Définir et mesurer le chômage
Introduction :
Le chômage est aujourd’hui une problématique centrale pour la majorité des économies contemporaines : qu’ils soient adeptes du libéralisme ou attachés au modèle keynésien, la quasi-totalité des pays fait face à une situation de déséquilibre entre l’offre et la demande sur le marché de l’emploi.
Néanmoins, cette situation cache des réalités bien différentes : en effet, si certains pays (États-Unis et Grande-Bretagne) connaissent un taux de chômage inférieur à $4\,\%$, d’autres l’ont vu exploser pour atteindre les $15\,\%$, comme l’Espagne ($14,2\,\%$) ou la Grèce ($15\,\%$).
Comment peut-on expliquer de tels écarts au sein des pays de l’OCDE ? Existe-t-il une ou plusieurs définitions du chômage et comment le mesure-t-on ?
Pour répondre à ces questions, nous allons voir dans un premier temps comment se définit le chômage et quels sont les indicateurs permettant de le mesurer, avant d’examiner quelles en sont les causes.
Les principales caractéristiques du chômage
Les principales caractéristiques du chômage
La notion de chômage
La notion de chômage
Rappelons tout d’abord que la population totale est composée à la fois d’une population active et d’une population inactive.
- La population active englobe l’ensemble des personnes occupant un emploi ainsi que les chômeur·se·s.
- La population inactive désigne l’ensemble des individus ne pouvant ou ne souhaitant pas travailler, soit pour des raisons d’âge (personnes retraitées ou âgées de moins de 16 ans), soit par choix personnel.

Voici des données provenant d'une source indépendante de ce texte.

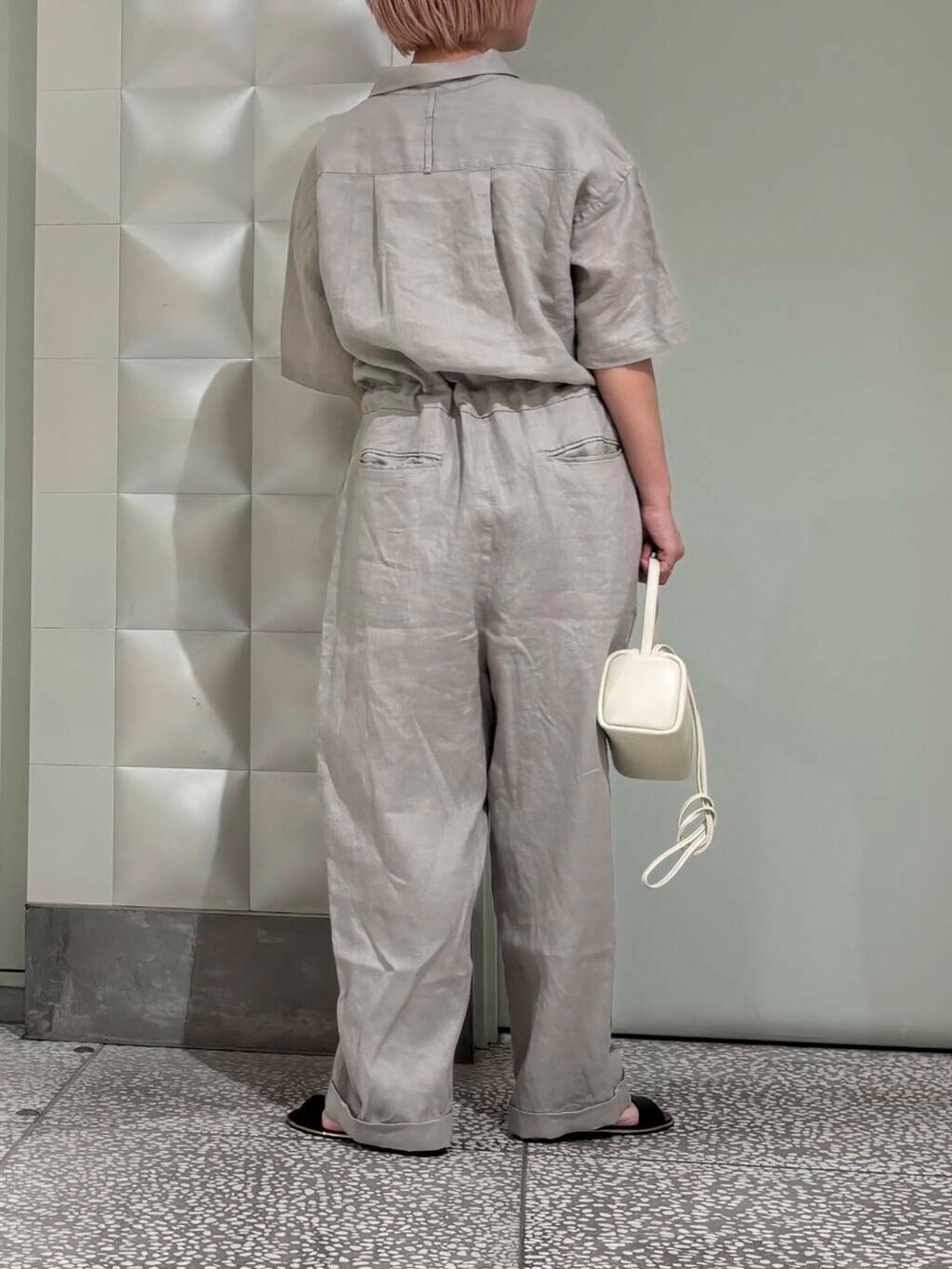 グレー系のサロペット/オーバーオール、ホワイト系のショルダーバッグを着用したレディースの夏コーディネートの3枚目の写真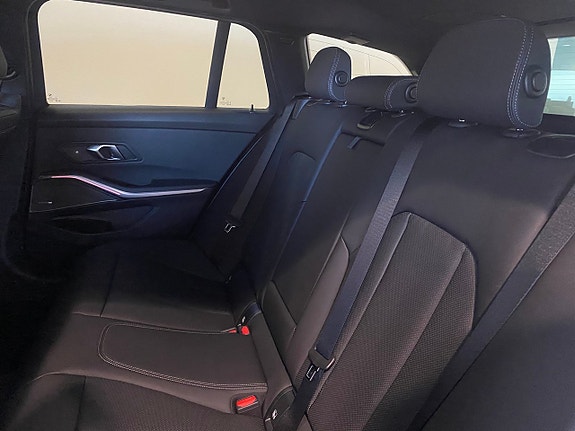 BMW 330e 10 of 15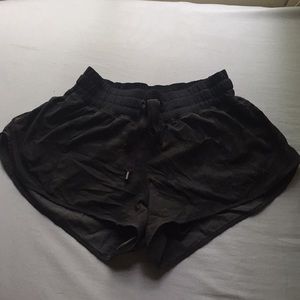 lulu lemon athletica Hotty Hot Shorts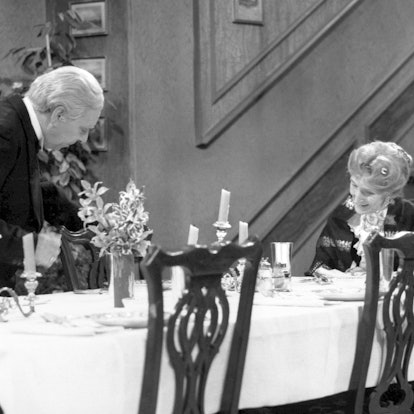Filmszene aus Dinner for One: Freddie Frinton als Diener James und May Warden als allein speisende alte Dame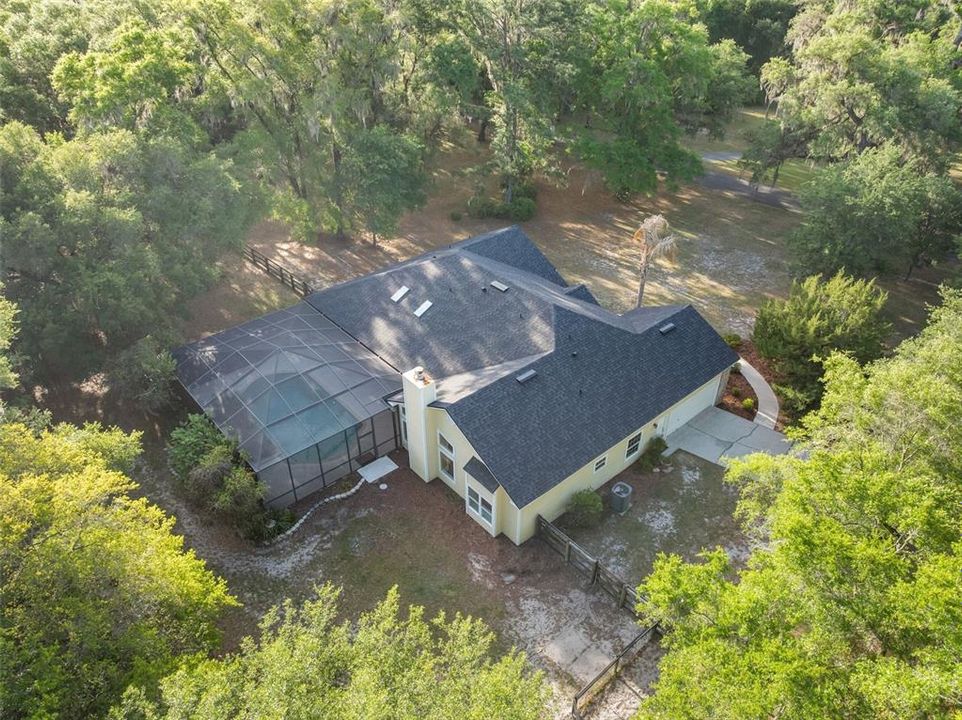 For Sale: $725,000 (4 beds, 2 baths, 2831 Square Feet)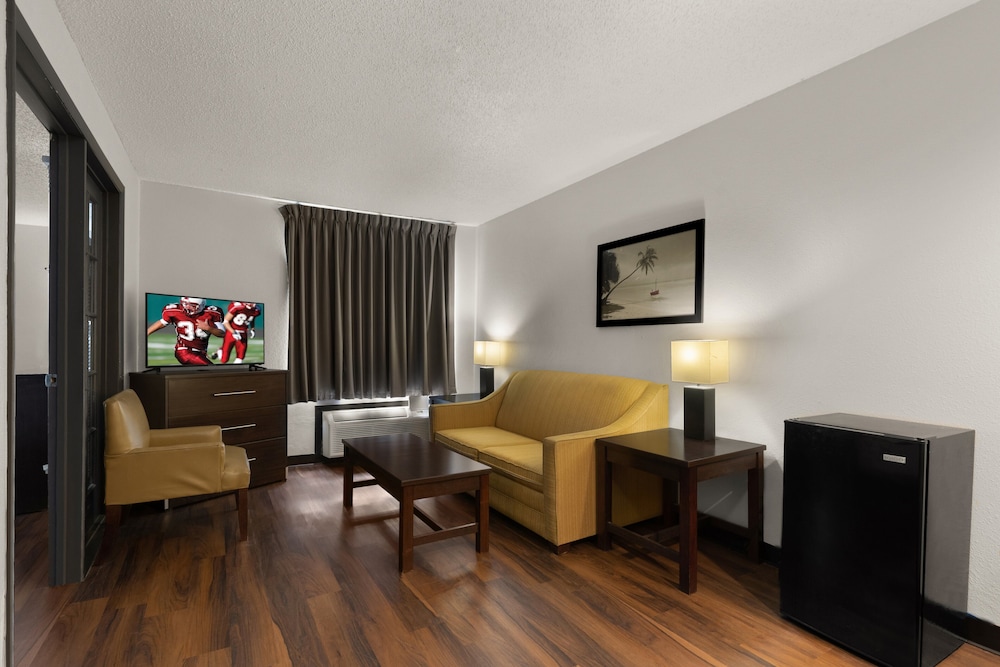 Red Roof Inn & Suites Savannah Airport - photo 10
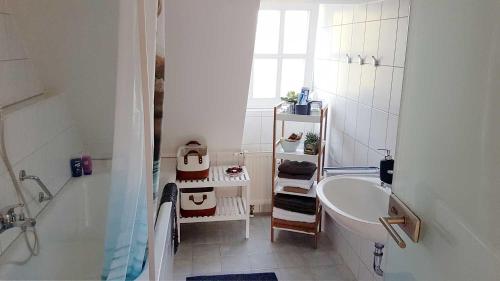 La petite salle de bains est pourvue d'une baignoire et d'un lavabo. dans l'établissement Apartment Pegnitzmühle mit Pegnitzinsel, à Vorra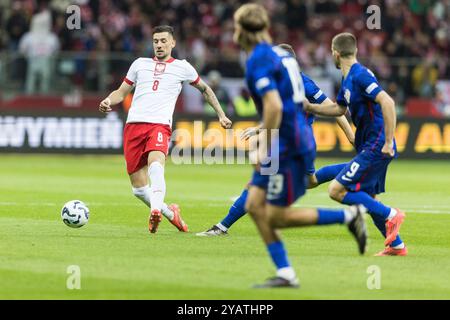 Stadion Narodowy, Varsovie, Pologne. 15 octobre 2024. Football international UEFA Nations LeagueA, Groupe 1, Pologne contre Croatie ; Jakub Moder (POL) crédit : action plus Sports/Alamy Live News Banque D'Images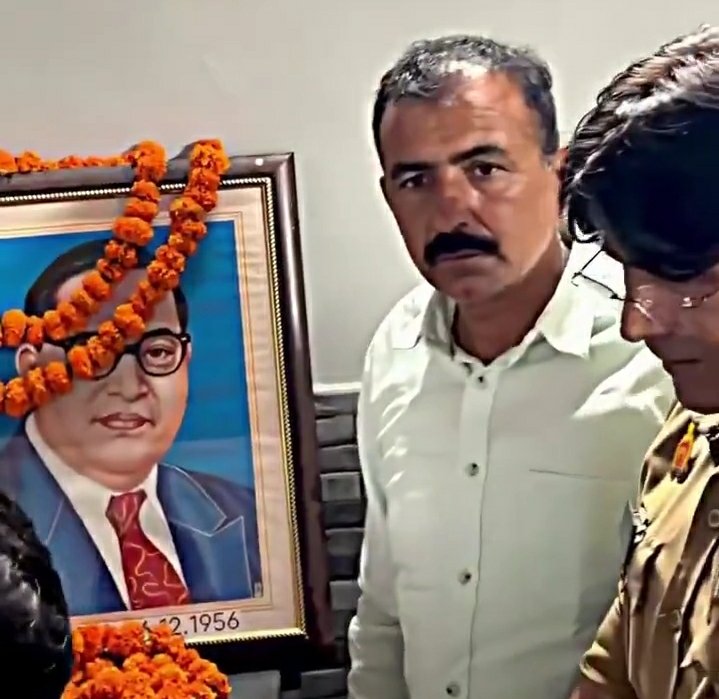 KraantiKumar's tweet photo. गाज़ियाबाद में किसान जाटव ने अपनी गाड़ी सड़क किनारे पार्क की थी, गाड़ी पर डॉ बाबा साहेब अंबेडकर का स्टिकर लगा हुआ था.

पुलिस इंस्पेक्टर ने बाबा साहेब की फोटो देखकर किसन जाटव की गाड़ी का चालान कर दिया,

किसन जाटव ने सवाल उठाया कि आसपास अन्य गाड़ियां भी खड़ी हैं उन गाड़ियों का चालान क्यों नही किया. 

इंस्पेक्टर ने उल्टा जवाब दिया हमारी मर्जी जो करना है कर लो. 

आज इंस्पेक्टर को डॉ बाबा साहेब अंबेडकर की फोटो पर फूल माला पहनाकर माफी मांगनी पड़ी. 

डॉ बाबा आंबेडकर का सम्मान बरकरार रखने में जाटव समाज सबसे अग्रणी भूमिका में है. जाटव समाज ही सामाजिक न्याय के लिए फ्रंट लाइन पर खड़ा होकर लड़ने वाला योद्धा है.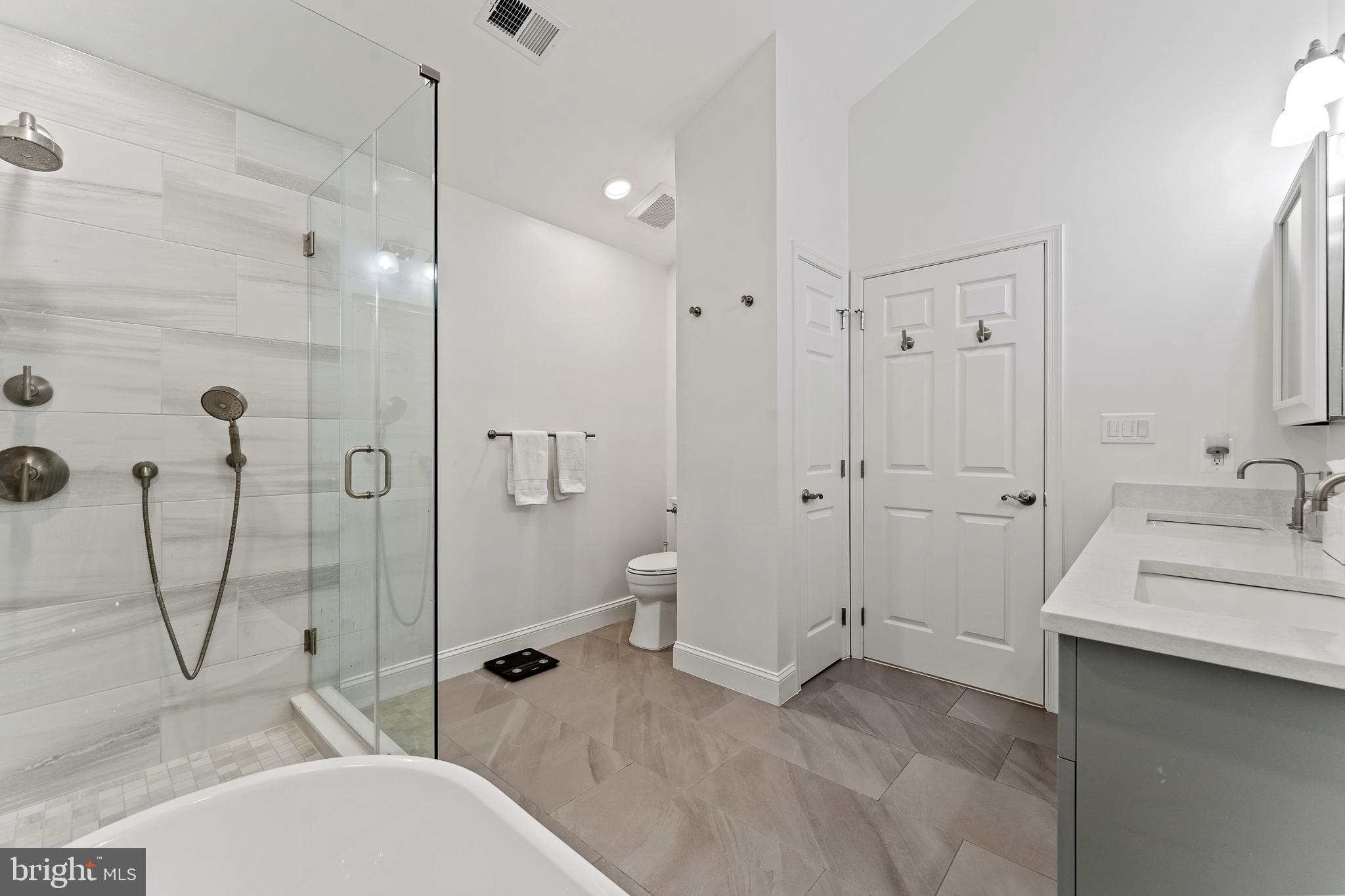 BELMONT COUNTRY CLUB - Residential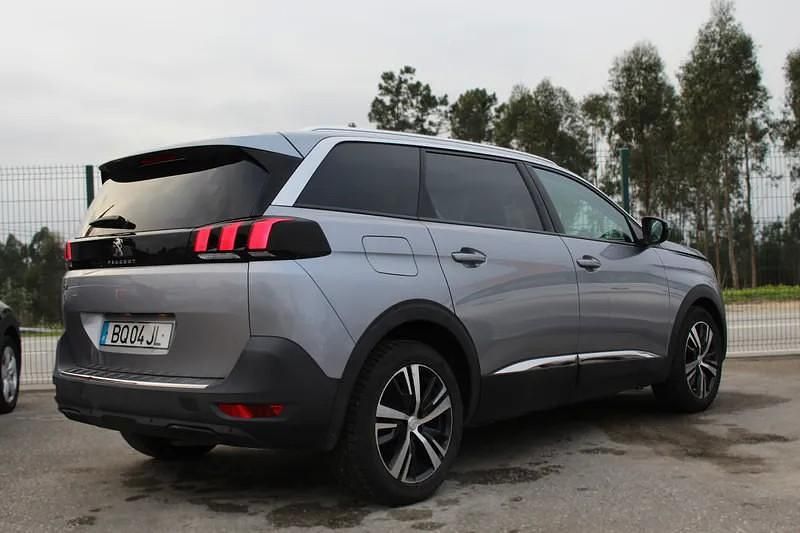 Usado Peugeot 5008 Allure 130 HP (95 kW) 2019 Cinzento Monovolume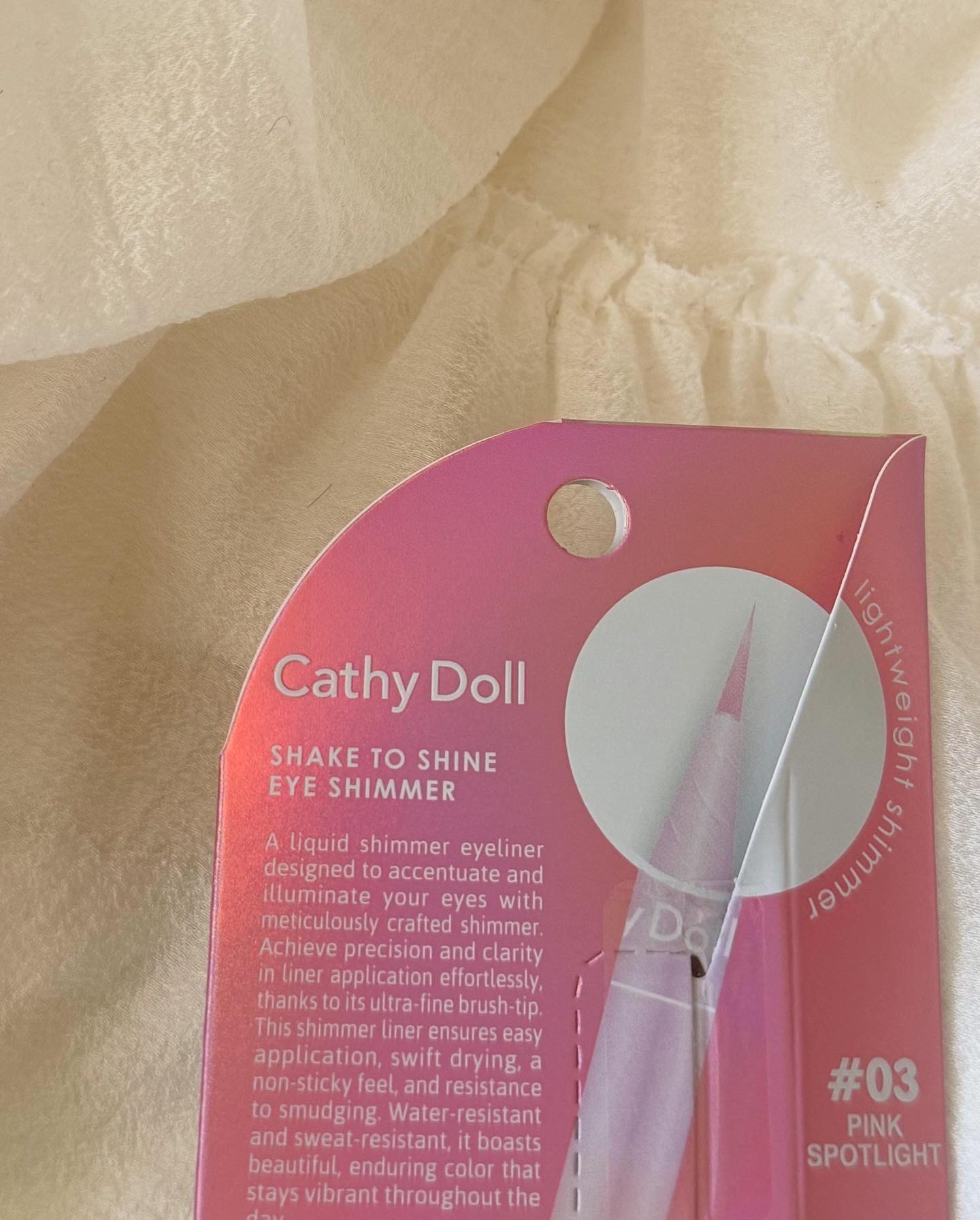 Cathy Doll　シェイクシャインアイライナー​ 03 ピンクスポットライト/CathyDoll/リキッドアイライナーを使ったクチコミ（3枚目）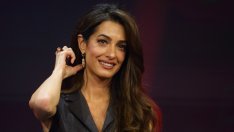 Амал Клуни замени емблематичните си къдрици за диско прическа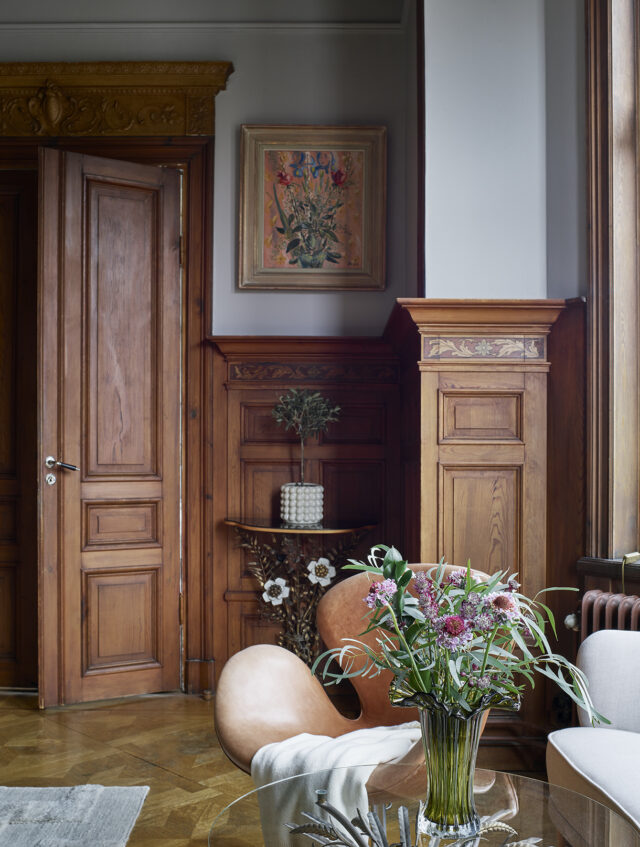 a room with a vase of flowers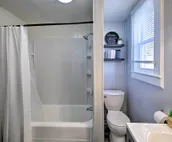 Charming Farmhouse < 1/2 Mile to AU Campus!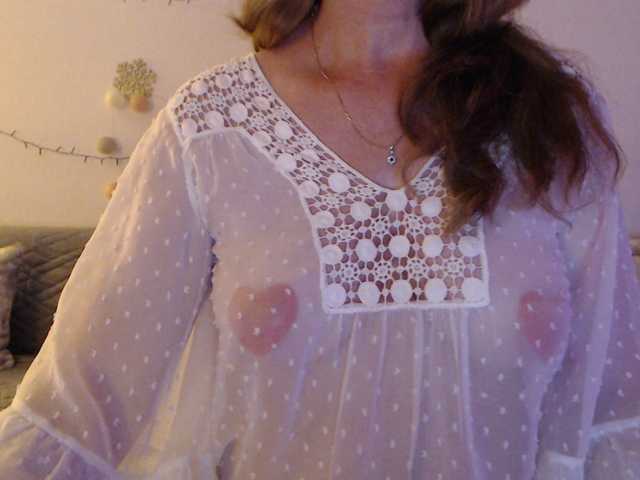 goodSnowQueen live cam on BongaCams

Les chômeur·se·s font partie de la population active.
La difficulté à appréhender la notion de chômage s’explique par les différentes réalités qu’elle recouvre ainsi que par la variété des situations qu’elle décrit.
En effet, outre les individus disponibles, privés d’un emploi et en recherchant un qui sont considérés comme chômeur·se·s, sont considérées comme étant sans emploi les personnes au chômage ou les inactif·ve·s.
Chômage :
Le chômage se caractérise comme une situation dans laquelle un individu se trouve sans emploi, disponible pour travailler et à la recherche effective d’un emploi.
Le chômage résulte d’un déséquilibre entre l’offre de travail (émanant de personnes souhaitant travailler) et les demandes de travail (émanant des employeur·se·s). Il est ainsi dépendant du taux d’emploi.
Taux d’emploi :
Selon l’INSEE, le taux d’emploi se définit comme la proportion de personnes, parmi celles en âge de travailler, disposant d’un emploi.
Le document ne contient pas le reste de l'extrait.